## EXERCISE:
When you reach the line with "Salt Lake City Weight" in the listing below, write out that line and every one after it exactly, and skip the pictures.

## RECORDED DATA:
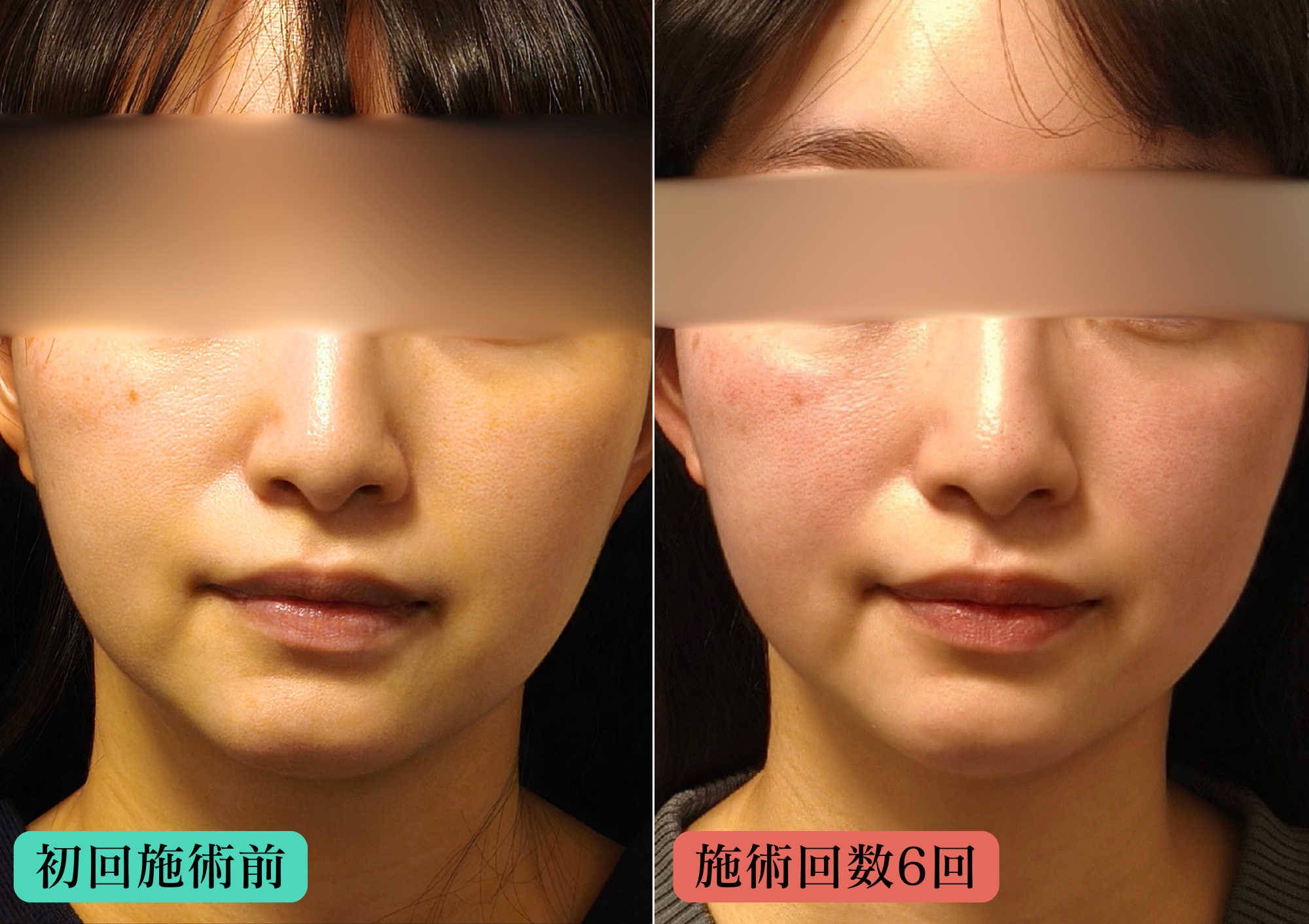 美容鍼+LEDでの経過（6回施術）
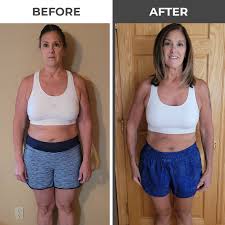 Salt Lake City Weight Loss Clinic - Salt Lake City Fat Loss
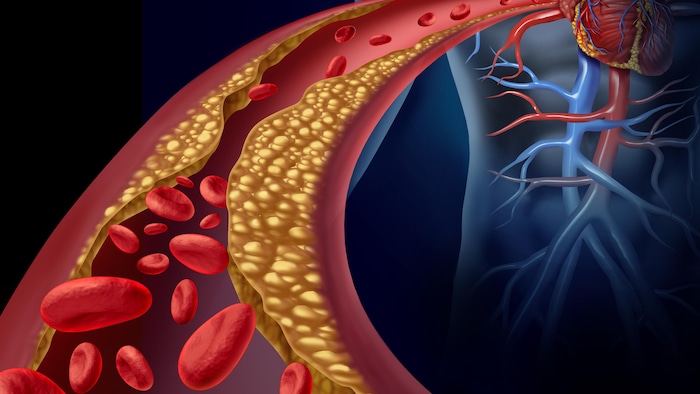 Illustration des ravages du mauvais cholestérol dans une artère.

## EXERCISE SOLUTION:
 Salt Lake City Weight Loss Clinic - Salt Lake City Fat Loss
 Illustration des ravages du mauvais cholestérol dans une artère.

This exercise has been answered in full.